For years, the only Iraqis to speak at the United Nations were Saddam Hussein’s men. They came to the U-N, not to represent the Iraqi people, but to lie about the Iraqi dictator’s violations of international law, aggression against other nations, and massive human rights abuses.
That is no longer the case. On December 16th, Iraq’s interim foreign minister, Hoshyar Zebari, addressed the U-N Security Council. He urged the U-N not to delay in helping his country recover from Saddam Hussein’s ruinous rule:
“The U-N as an organization failed to help rescue the Iraqi people from a murderous tyranny that lasted over thirty-five years. The U-N must not fail the Iraqi people again.”

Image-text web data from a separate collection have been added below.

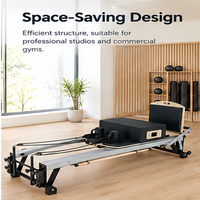 Appareil de Pilates Reformer Commercial pour Entraînement Physique avec Système de Cordes Fluides et Barre de Pieds Réglable pour Studio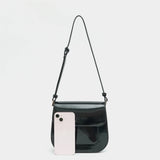 Lkblock Casual Patent Leather Saddle Bag Fashion Designer Crossbody Bags for Women Cover Phone Flap Brands Shoulder Bag Handbags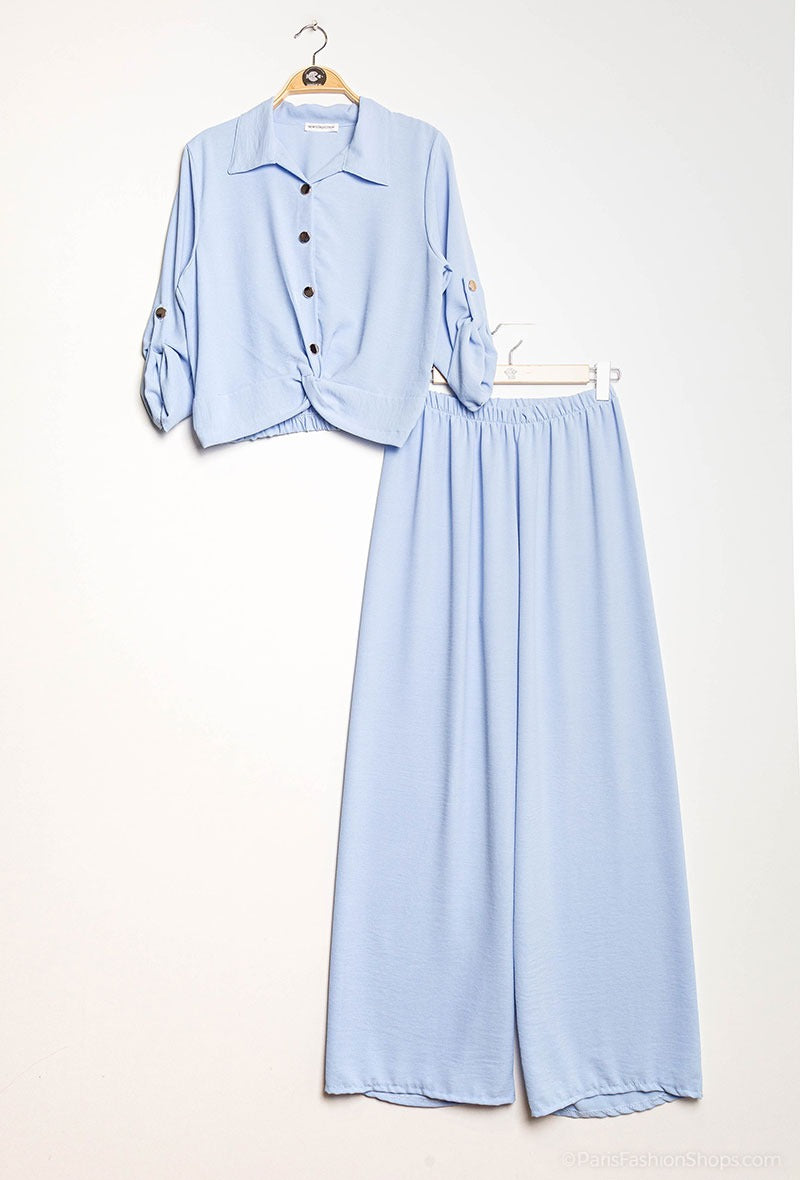 Tweedelige set (blouse + broek) (verkrijgbaar in meerdere kleuren)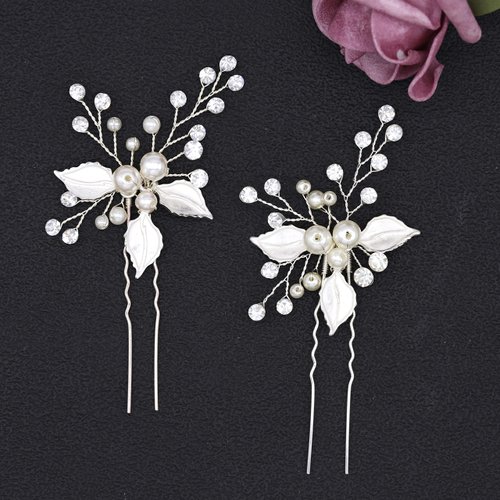 Ammei Headpiece Silver Wedding Headpieces For Bride Handmade Leaves Design Bridal Hair Pins with Rhinestones and Pearls Set Of 2 (Silver)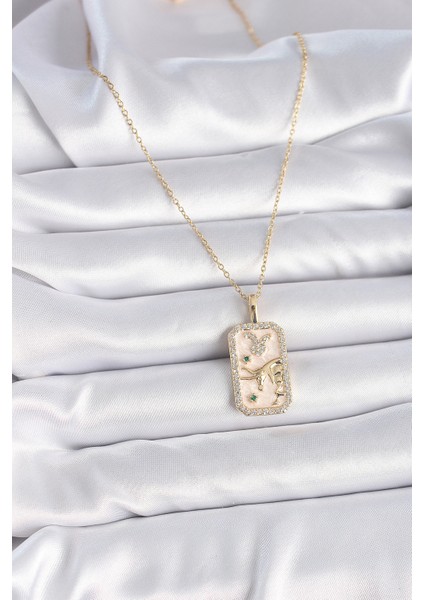 Gold Renk Zincir Boğa Burcu Zirkon Taşlı Kadın Kolye - EBJ261410W29159 fiyatları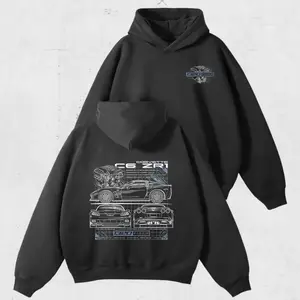 C6 ZR1 Blueprint Hoodie – Corvette Engine & Chassis Line Art for Car Enthusiasts, Performance Racing Style, Unisex Menswear Auto Hoodie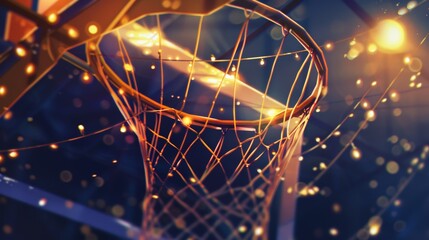 Warm light filters through a basketball net adorned with sparkles, creating a cozy atmosphere. Illustration - obrazy, fototapety, plakaty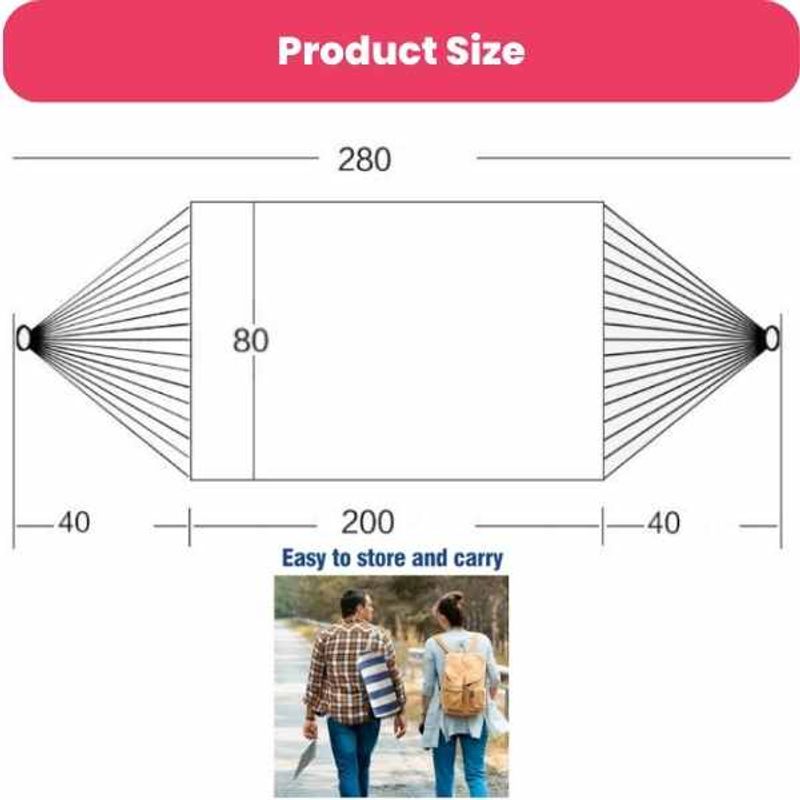 Casa si Gradina - Gradina si terasa - Balansoare si hamace - Hamace si suporturi - Hamac de Gradina Sistem Anti-Incalcire, Sac Transport si Accesorii Montaj Incluse, Maxim 180 Kg, Multicolor, 280 x 80 cm - Infinity.ro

Mr. Zebari said that continued disagreements among U-N members were complicating efforts to return government in Iraq to the people:
“This squabbling over political differences takes a back seat to their daily struggle for security, jobs, basic freedoms, and all the rights the U-N is chartered to uphold.”

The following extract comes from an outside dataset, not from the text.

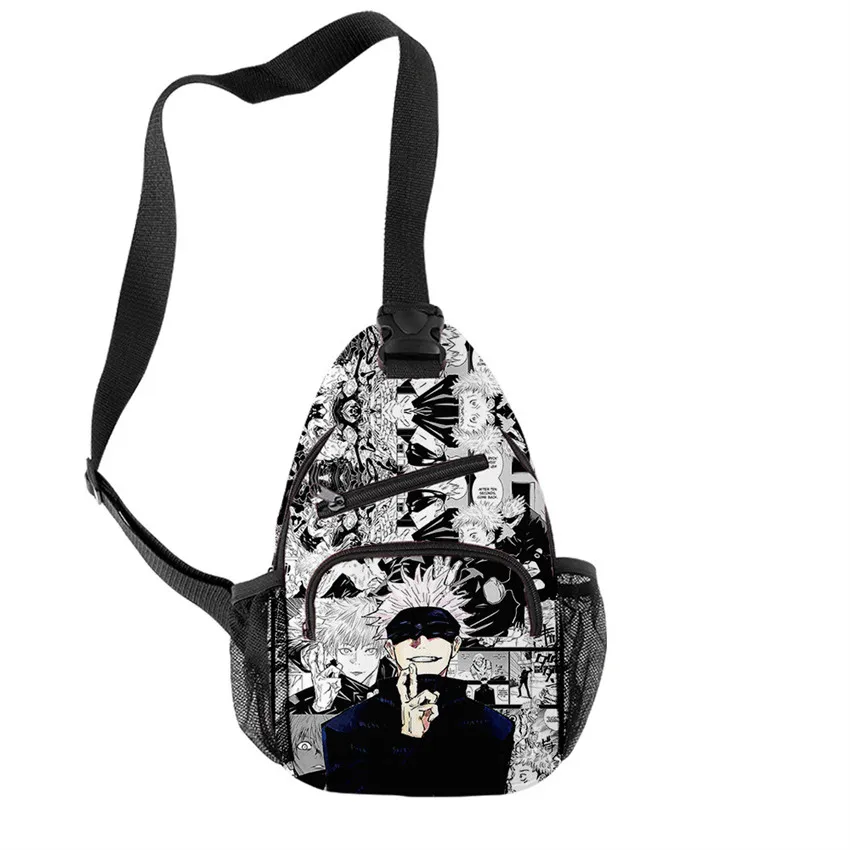 Anime Jujutsu Kaisen Shoulder Bags Nylon Waist Packs Sling Bag Crossbody Outdoor Sport Shoulder Chest Canvas Messenger Bag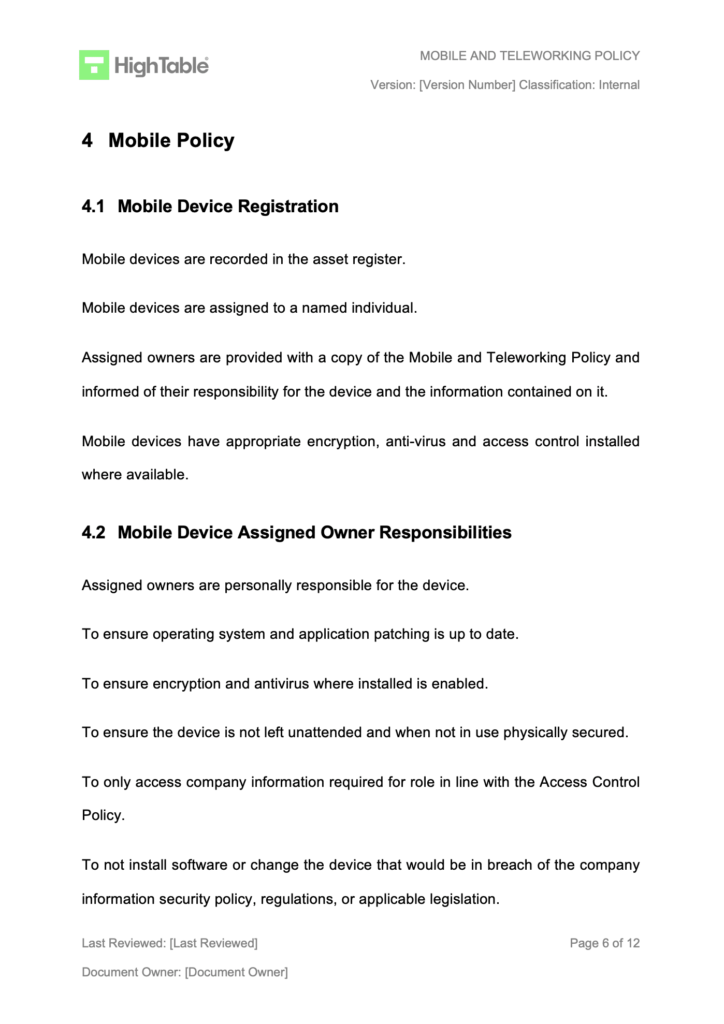 ISO27001 Mobile And Remote Working Policy Example 5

Mr. Zebari also stressed that Iraqis should play “a full part in any initiatives that concern the future of [their] country”:
“Without Iraqi participation in discussions that have Iraqi interests at stake, such as the recently formed U-N contact group, decisions taken cannot be held valid.”
Mr. Zebari’s points are well taken. And one hopes that U-N members will take them to heart.
As President George W. Bush said at the U-N in September, the U.S.-led coalition’s primary goal “is self-government for the people of Iraq, reached by orderly and democratic process. This process must unfold according to the needs of the Iraqis, neither hurried, nor delayed by the wishes of other parties. And the United Nations,” said President Bush, “can contribute greatly to the cause of Iraqi self-government.”